/---
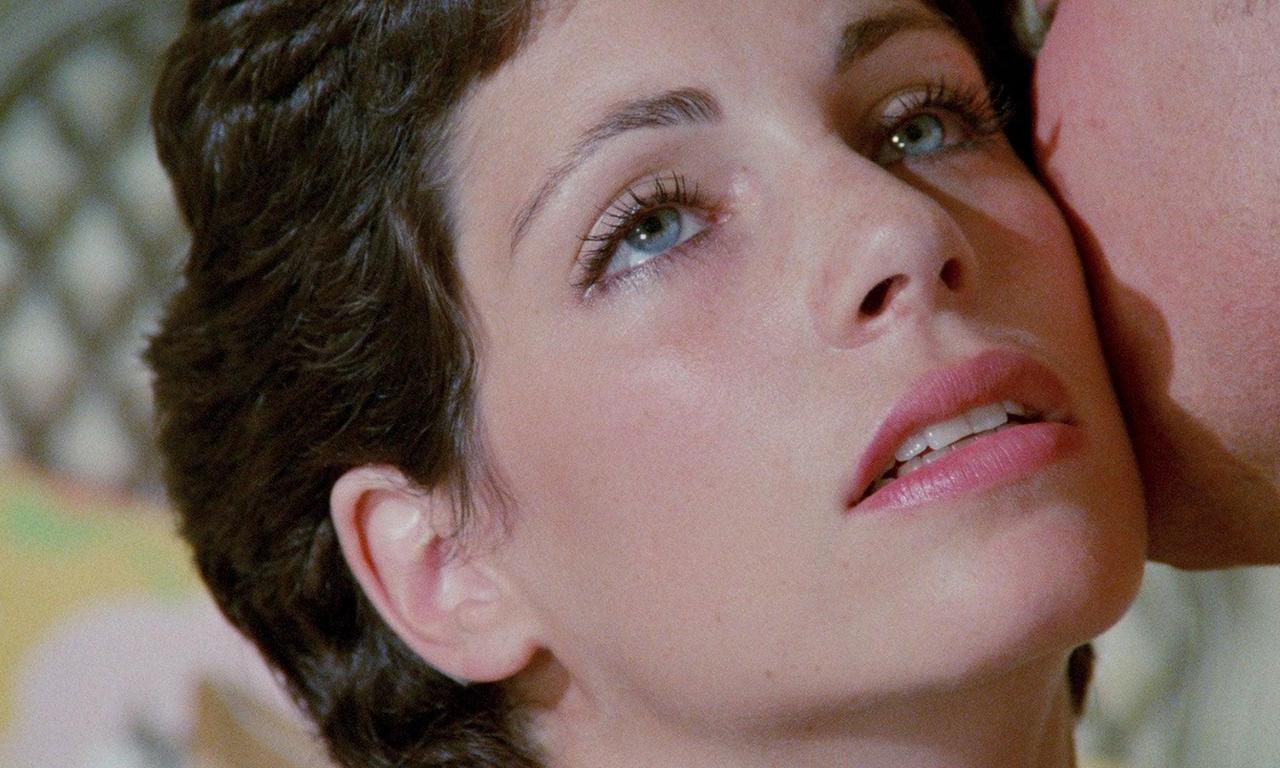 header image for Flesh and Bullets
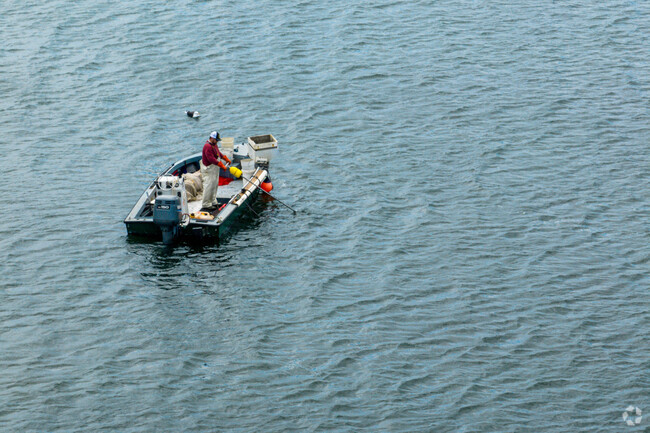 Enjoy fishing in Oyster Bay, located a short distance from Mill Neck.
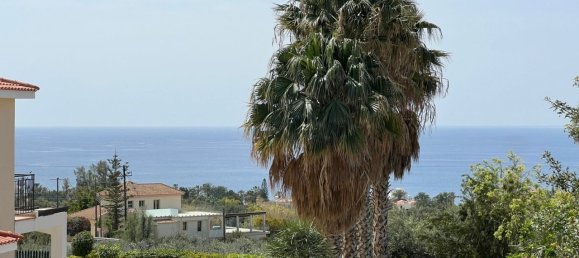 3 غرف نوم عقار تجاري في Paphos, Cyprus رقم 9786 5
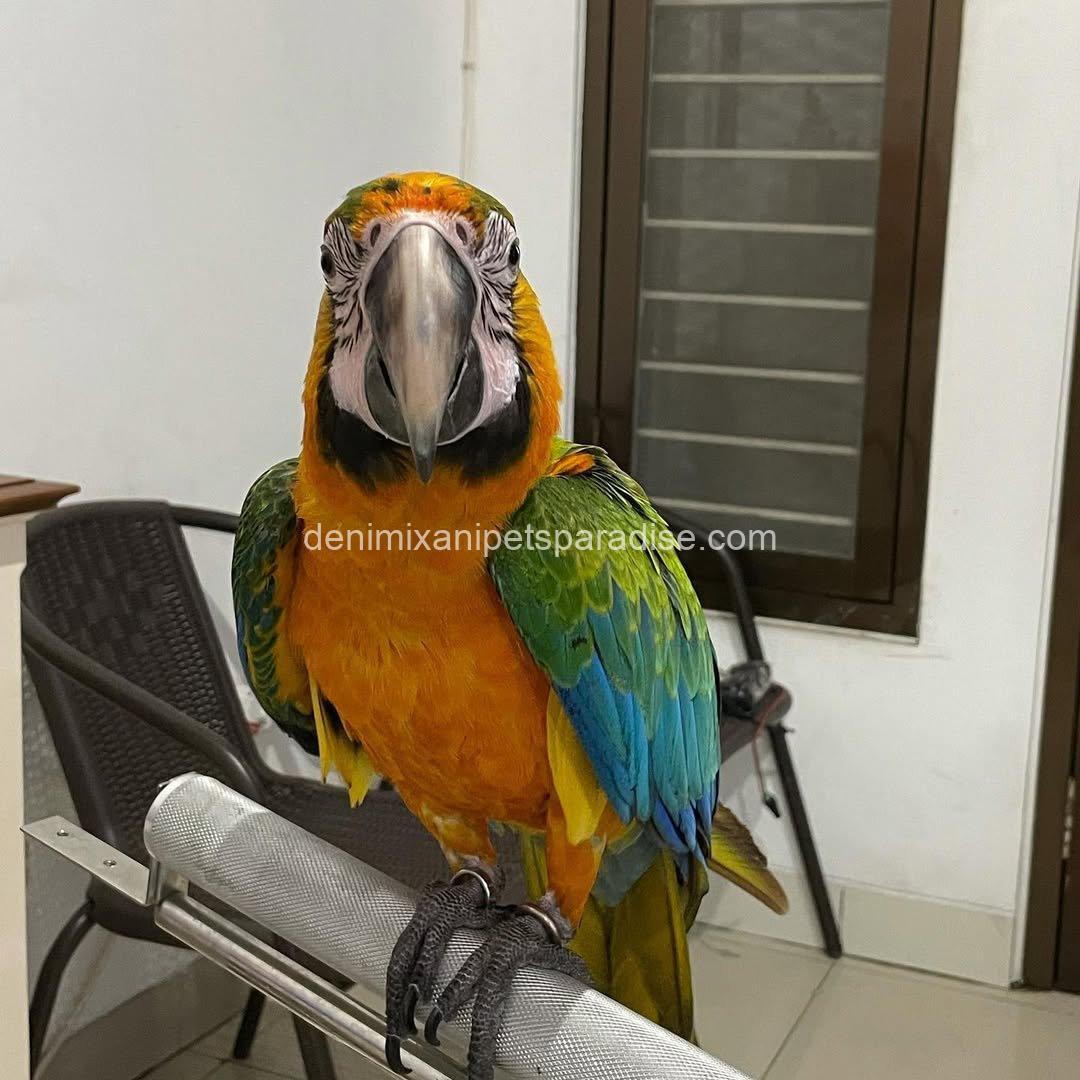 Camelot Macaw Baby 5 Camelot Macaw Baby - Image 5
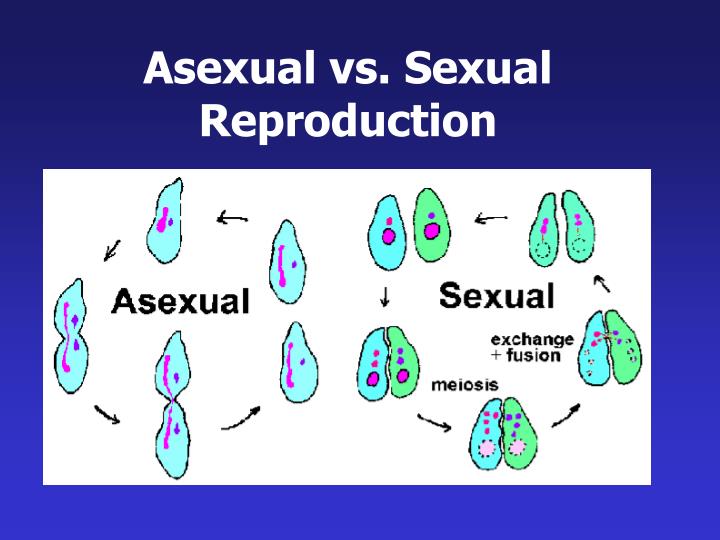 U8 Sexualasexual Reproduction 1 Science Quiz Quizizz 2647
\---
* [Problem to solve]: Each line from the one that holds "Enjoy fishing in" through the end of the entries must be returned exactly, while any pictures stay out.

* [Answer for the task]:
 Enjoy fishing in Oyster Bay, located a short distance from Mill Neck.
 3 غرف نوم عقار تجاري في Paphos, Cyprus رقم 9786 5
 Camelot Macaw Baby 5 Camelot Macaw Baby - Image 5
 U8 Sexualasexual Reproduction 1 Science Quiz Quizizz 2647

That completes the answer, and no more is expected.